Content starts

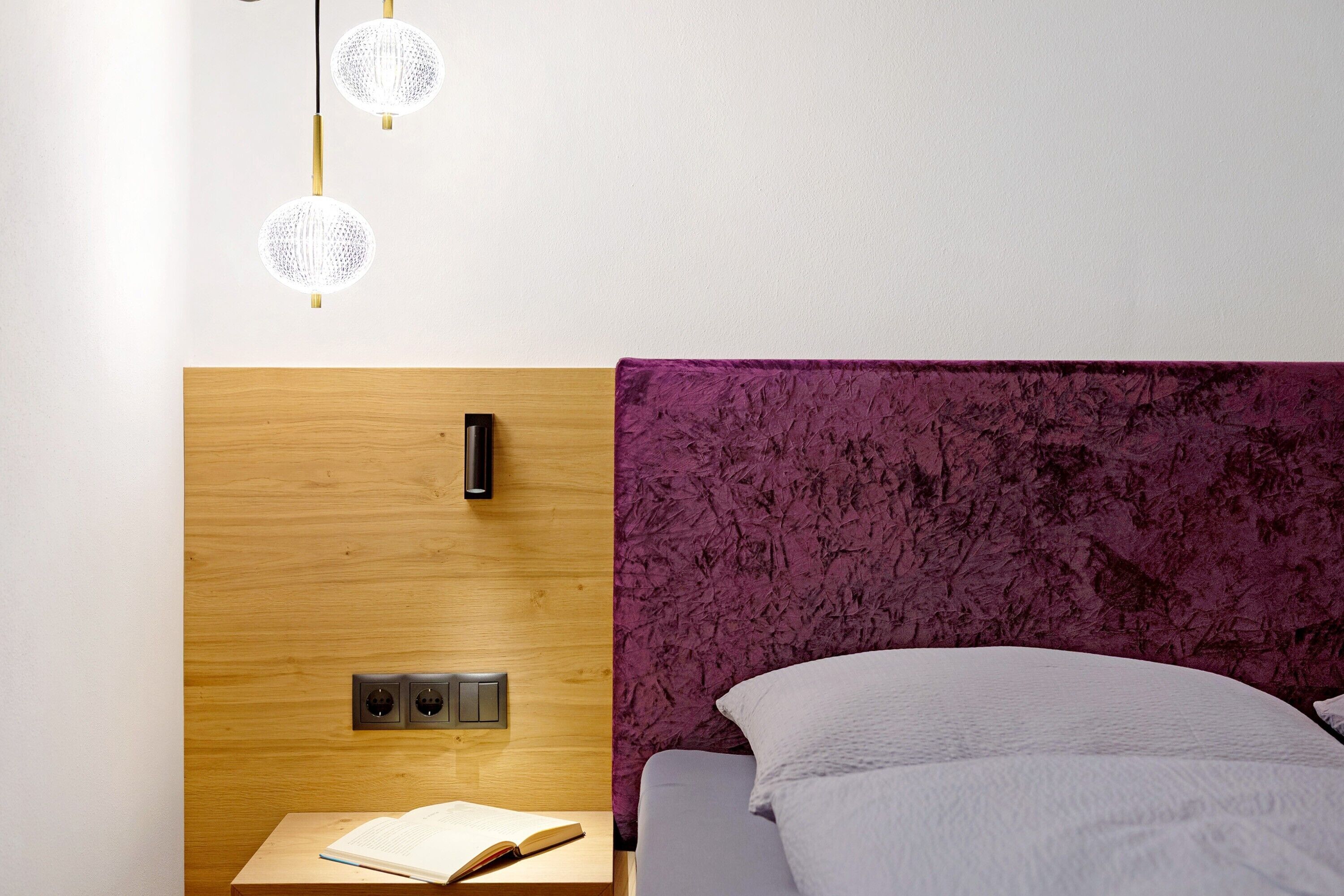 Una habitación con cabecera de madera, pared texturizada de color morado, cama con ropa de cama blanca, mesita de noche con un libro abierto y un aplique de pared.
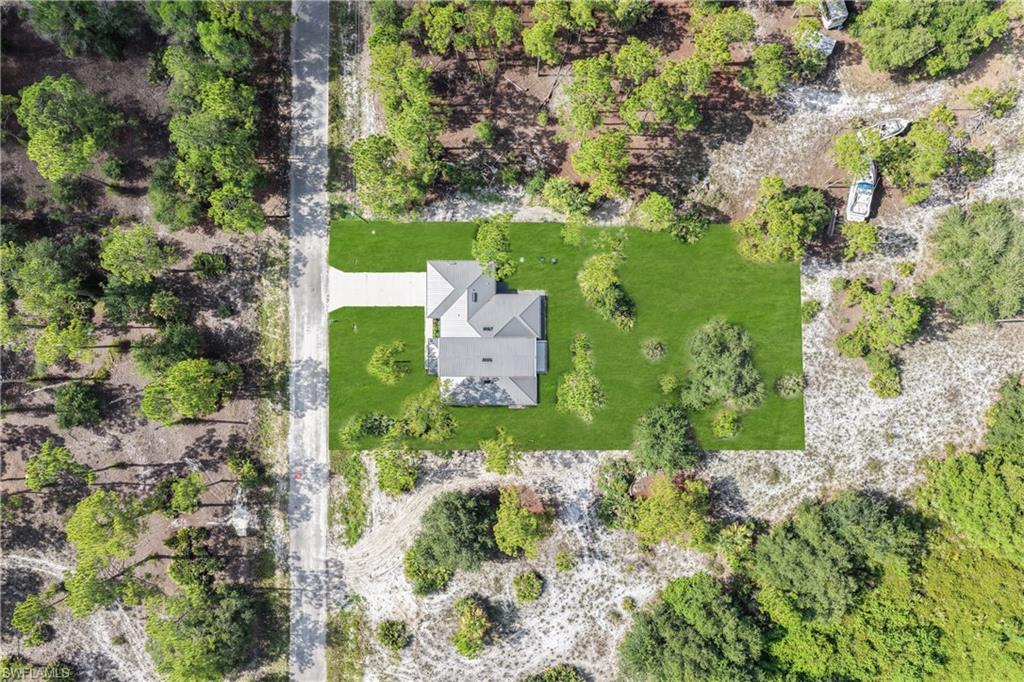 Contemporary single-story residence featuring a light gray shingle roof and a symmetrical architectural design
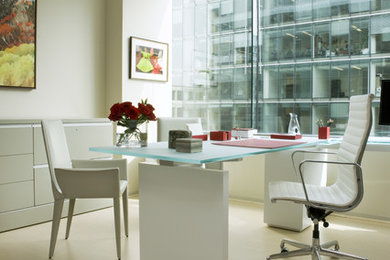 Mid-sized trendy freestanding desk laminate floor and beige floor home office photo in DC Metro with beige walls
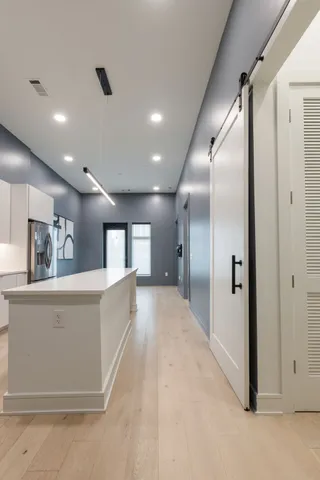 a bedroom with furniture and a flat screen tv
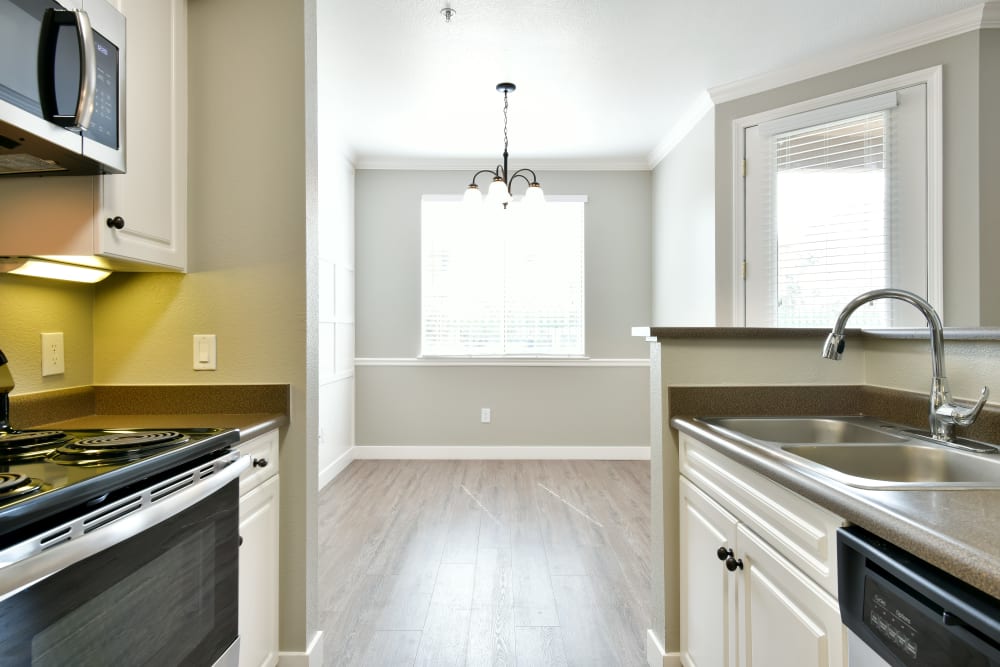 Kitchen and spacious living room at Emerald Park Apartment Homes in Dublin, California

Content ends

• TASK ITEM
An exact reproduction of every record above is required, with no pictures included.

• ANSWER TO THIS PROBLEM
 Una habitación con cabecera de madera, pared texturizada de color morado, cama con ropa de cama blanca, mesita de noche con un libro abierto y un aplique de pared.
 Contemporary single-story residence featuring a light gray shingle roof and a symmetrical architectural design
 Mid-sized trendy freestanding desk laminate floor and beige floor home office photo in DC Metro with beige walls
 a bedroom with furniture and a flat screen tv
 Kitchen and spacious living room at Emerald Park Apartment Homes in Dublin, California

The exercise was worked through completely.